Another GOP Senate Candidate Who Thinks Rape Is God’s Way of Giving Women Babies
It’s almost comical, how Republican cavemen simply can’t seem to stop themselves from saying disgusting, outrageous things about women and rape. Another Neanderthal emerged from his cave yesterday: Indiana GOP U.S. Senate candidate Richard Mourdock, who actually believes that if women get pregnant from a rape, it’s “something God intended.”
And the point of this sickening statement? Mourdock wants to force women who are raped to bear the children of their rapists.
Can there be any more doubt that the Republican Party is the party of backwards religious fanatics, with holes where their hearts should be?
And notice: they’re all men.
WASHINGTON — Indiana GOP U.S. Senate candidate Richard Mourdock declared Tuesday night he opposes aborting pregnancies conceived in rape because “it is something that God intended to happen.”
Debating Rep. Joe Donnelly (D-Ind.) in their final Senate race showdown, a questioner asked them and Libertarian candidate Andrew Horning to explain their views on abortion.
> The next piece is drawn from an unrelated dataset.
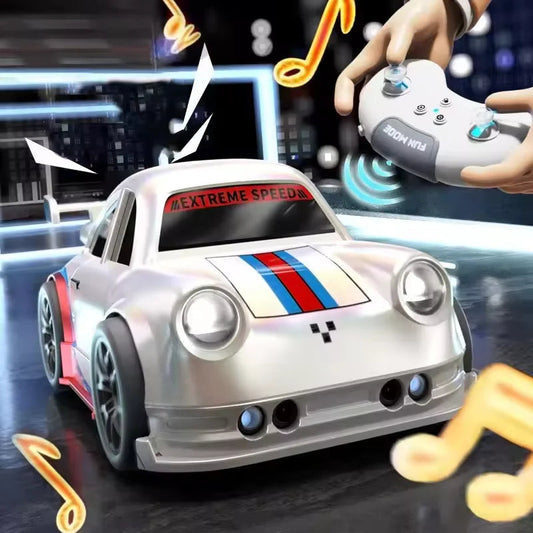 RC Car with Motion Sensor - Smart Escape and Follow Me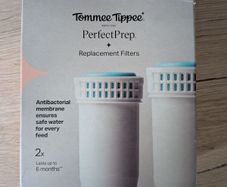 Prefect Prep Replacement Filters x2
All three said they were anti-abortion. But Mourdock went further, putting himself in territory near Missouri GOP Senate candidate Rep. Todd Akin, the anti-abortion congressman who infamously asserted that women don’t get pregnant from “legitimate rape.”
“The only exception I have to have an abortion is in the case of the life of the mother,” said Mourdock, the Tea Party-backed state treasurer. “I struggled with it myself for a long time, but I came to realize life is that gift from God. I think that even when life begins in that horrible situation of rape, that it is something that God intended to happen.”
Mitt Romney, as usual, will continue to support this disgusting pig while at the same time pretending to disapprove: Romney Stands by Mourdock, Won’t Ask Him to Pull Down Ad.
“Gov. Romney disagrees with Richard Mourdock, and Mr. Mourdock’s comments do not reflect Gov. Romney’s views,” Romney spokeswoman Andrea Saul told The Hill in a statement Wednesday morning. “We disagree on the policy regarding exceptions for rape and incest but still support him.”